Zapier wins on simplicity and app breadth; Make wins on visual logic and cost per operation. The right pick depends on how complex your flows get.
Make and Zapier are the two most common no-code automation platforms, and in 2026 they still solve slightly different problems. Zapier is the fastest way to connect apps with linear flows and has the widest integration library. Make gives you a visual canvas with branching, loops, and much cheaper per-operation pricing at volume. Choosing well is mostly about how complex your logic gets and how many operations you run.
Head to head
| Factor | Zapier | Make |
|---|---|---|
| Ease of use | Simplest, step-by-step, best for non-technical users | Visual canvas, slightly steeper learning curve |
| Logic and branching | Basic paths and filters | Strong: routers, loops, iterators, error handling |
| Pricing model | Per task; climbs quickly at volume | Per operation; usually cheaper at scale |
| App library | Widest available | Broad, slightly smaller than Zapier |
| AI workflows | Growing AI steps and built-in actions | Flexible AI modules and custom API calls |
| Best for | Simple linear automations, fast setup | Complex multi-branch flows, cost control at volume |
When Zapier wins
Choose Zapier when your flows are linear, your volume is modest, and speed of setup matters more than fine control. If you want to connect a form to a CRM to a Slack message in ten minutes without thinking about operations, Zapier is the path of least resistance, and its integration library is unmatched.
When Make wins
Choose Make when your logic branches, loops, or needs proper error handling, or when your volume is high enough that per-task pricing hurts. The visual canvas makes complex flows readable, and the per-operation model is usually kinder to the budget as you scale.

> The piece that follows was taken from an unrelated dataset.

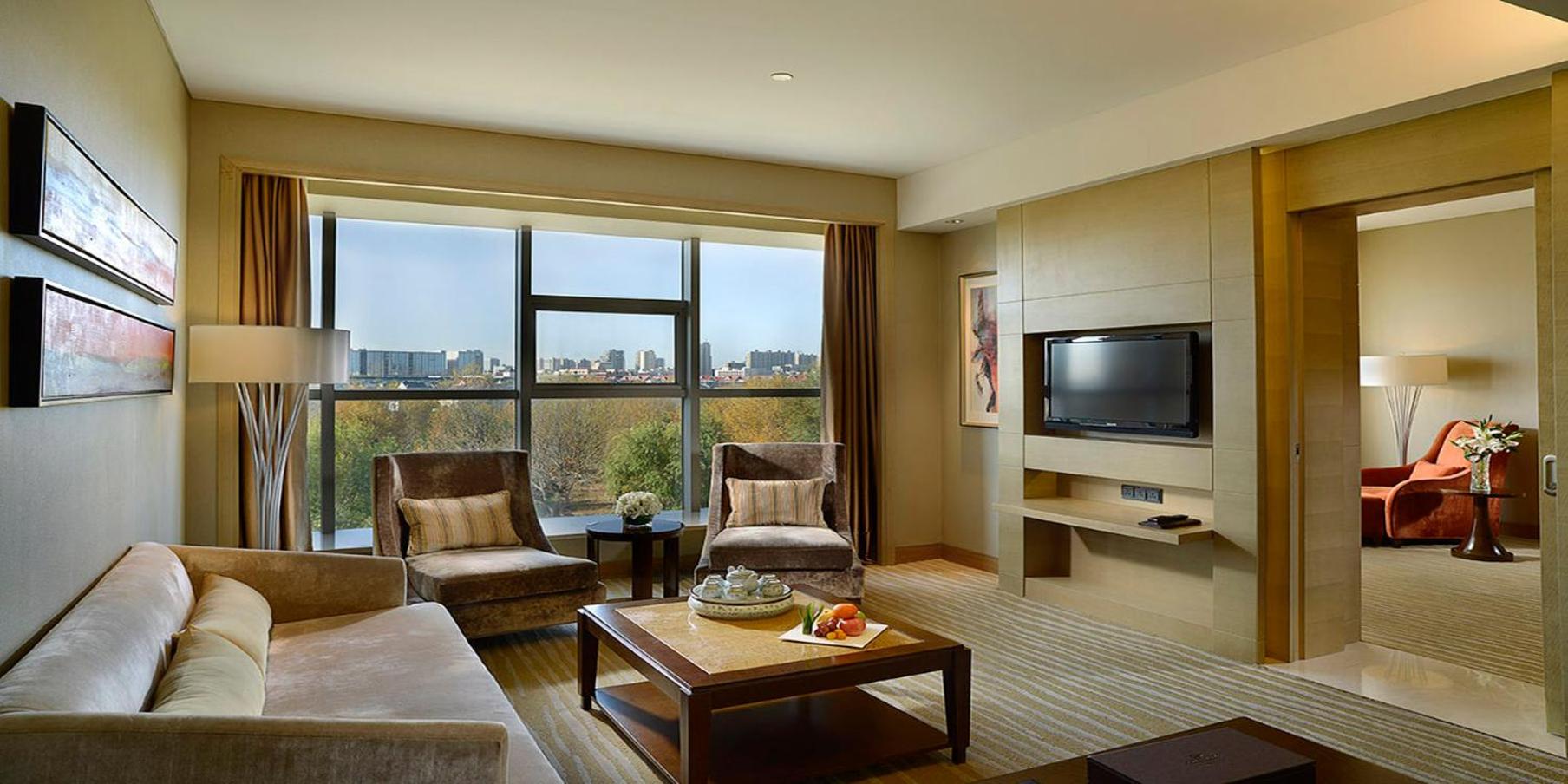 One-Bedroom King Suite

The honest answer for most teams
Start on Zapier if you are non-technical and your flows are simple. Move to Make when the logic outgrows linear steps or the bill outgrows the value. And once a workflow needs genuine judgement rather than fixed steps, neither tool is the answer, that is where a custom AI agent earns its place, often orchestrating these tools rather than replacing them.
Digiton builds and operates automation on both platforms, and custom agents where they pay back, deployed across 8 countries. If you are unsure which fits your volume and logic, an AI audit maps it before you commit.
Frequently asked questions
Make vs Zapier in 2026: which is better?
Neither is universally better. Zapier wins on simplicity, setup speed, and the widest app library, ideal for linear low-volume flows. Make wins on visual branching logic, error handling, and cheaper per-operation pricing at scale. The complexity of your logic and your monthly volume decide the pick.
Is Make cheaper than Zapier?
Usually at volume, yes. Make charges per operation, which tends to be more economical as flows scale, while Zapier charges per task and climbs quickly. At low volume the difference is small; model your real monthly operations before committing, because the cheaper tool at 100 runs can differ at 100,000.
When should I use a custom agent instead of Make or Zapier?
Use a custom AI agent when the work needs genuine judgement, branches on messy inputs, or must integrate deeply, things fixed-step flow tools cannot handle well. Often the agent orchestrates Make or Zapier rather than replacing them, using the flow tools for plumbing and the agent for decisions.